Question

Find the probability that the birthdays of 6 different persons will fall in exactly two calendar months.

Answer 1

Hint: Find S = the no. of choices for 6 people to have birthdays in the 12 months. Find A = the no. ways in which 2 months can be chosen from 12 months. Find B = the no. of ways in which the 6 birthdays fall in exactly 2 months.

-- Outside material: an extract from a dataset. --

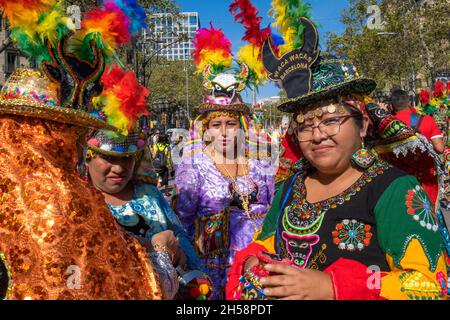 Weibliche Mitglieder einer bolivianischen Tanzgruppe in bunten traditionellen Kostümen. Foto aufgenommen in Barcelona (Spanien) am Nationalfeiertag Spaniens. Stockfoto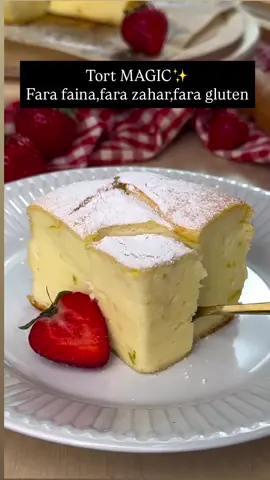 🍋 TORT MAGIC CU 5 INGREDIENTE ❌ Fără făină, fără zahăr, fără gluten, pe scurt… POTRIVIT PENTRU TOATĂ LUMEA! 😋 Această prăjitură cu ricotta și lămâie a înnebunit literalmente internetul‼️ O prăjitură cremoasă, cu doar 5 ingrediente, se pregătește în doar 5 minute și este DELICIOASĂ 🤤 DOAR 175 de calorii pe porție 😱 Ingrediente: 	•	500 g ricotta 	•	2 ouă 	•	30 g amidon de porumb (sau făină de cartofi) 	•	Coajă de lămâie 	•	Îndulcitor (opțional) Mod de preparare: Amestecă toate ingredientele până obții o compoziție fină și omogenă. Toarnă într-o tavă tapetată și coace la 180°C timp de aproximativ 40 de minute. Las-o să se răcească puțin și e gata de servit ❤️ 📌 Eu am ales varianta „prăjitură întreagă”, dar tu poți face liniștit porții individuale, turnând compoziția în forme de brioșe 🫶🏻 Valori nutriționale per porție (1/4): 11.7 g carbohidrați / 8.4 g grăsimi / 13.4 g proteine / 176 kcal #tortino #ricotta #limone #senzafarina #keto #senzaglutine #tortamagica #dessert  #healthydesserts #tortalight #tortaricotta #lowcarb #ricettefacili #ricettelight #lowcalories #healthyrecipes #Recipe #moodboost #desserts #recipes #cake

Then find the probability using $P = \dfrac{{A \times B}}{S}$


Complete step by step solution:
We have 6 different people.
We have to choose 2 months and find the number of possibilities that the birthdays of these 6 people fall exactly in these two months.
The formula for probability of an event A is:
$P(A) = \dfrac{{n(A)}}{{n(S)}}$
Where $n(S)$ is the no. of possible events in the sample space
$n(A)$ is the number of possibilities for the event A.
As there are 12 months in all, the number of ways in which 6 people can choose from 12 months ${ = ^{12}}{C_6}$
We can choose any two months from 12 months in $^{12}{C_2}$ ways.
Now, each person has 2 months as choices and there are 6 people.
Therefore, the number of ways in which this choice can be made $ = {(2 \times 2 \times 2 \times 2 \times 2 \times 2)_{6times}} = {2^6}$
Now, we need these 6 people to not have birthdays falling in the same month.
This is possible in only 1 way.
Therefore, the number of ways in which the birthdays of 6 people can fall in exactly two months$ = {2^6} - 1$
Thus, the probability that the birthdays of 6 different persons will fall in exactly two calendar months $ = \dfrac{{^{12}{C_2} \times ({2^6} - 1)}}{{^{12}{C_6}}}$


Note: Students tend to get confused between the formula for permutation and combination.
The formula for combination is:$^n{C_r} = \dfrac{{n!}}{{(n - r)!r!}}$ and that of permutation is $^n{P_r} = \dfrac{{n!}}{{(n - r)!}}$
Therefore, the best way to remember is by memorizing the relation between these two formulae which is given by $^n{C_r} = \dfrac{{^n{P_r}}}{{r!}}$. Dividing by $r!$ ensures that the repetitions are not counted.